If it breaks through Earth's surface, it is then called lava. Although lava can be spewed into the air through a volcanic eruption, it's more common for lava to flow from a volcano through cracks called fissures.

Lava is made up of mostly silicon and oxygen. As lava escapes and travels before cooling, it often mixes with other elements, such as iron, magnesium, potassium, and calcium.

When lava first breaks through Earth's surface, it is an extremely hot liquid. On average, fresh lava can be between 1,300° F and 2,200° F (700° and 1,200° C)! Depending on its exact temperature, fresh lava usually glows either orange/red (cooler) or white (hotter).

Eventually, lava cools and returns to solid rock again. However, some forms of lava can flow great distances before cooling enough to solidify. The word lava comes from the Italian word for “stream."

Although popular movies may make you worry about the deadly power of lava flows, they usually move slowly enough to give people plenty of time to get out of the way. It's rare for anyone to die as a direct result of a lava flow, but it can be extremely damaging to land and property in its path.

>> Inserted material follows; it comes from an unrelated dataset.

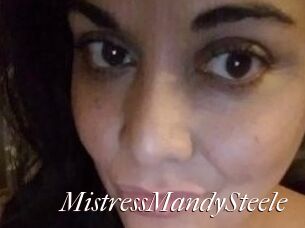 MistressMandySteele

Active lava flows at volcanoes might move several feet per minute when hot. As the lava flows cool, they slow down to a rate of only a few feet per day.

Geologists in Hawaii keep a close watch on active lava flows. They use handheld global positioning system (GPS) receivers to map lava flows as accurately as possible.

The GPS receivers use radio waves from satellites orbiting Earth to pinpoint locations within 15 feet. In this way, geologists can monitor lava flows that may be advancing toward areas where people live.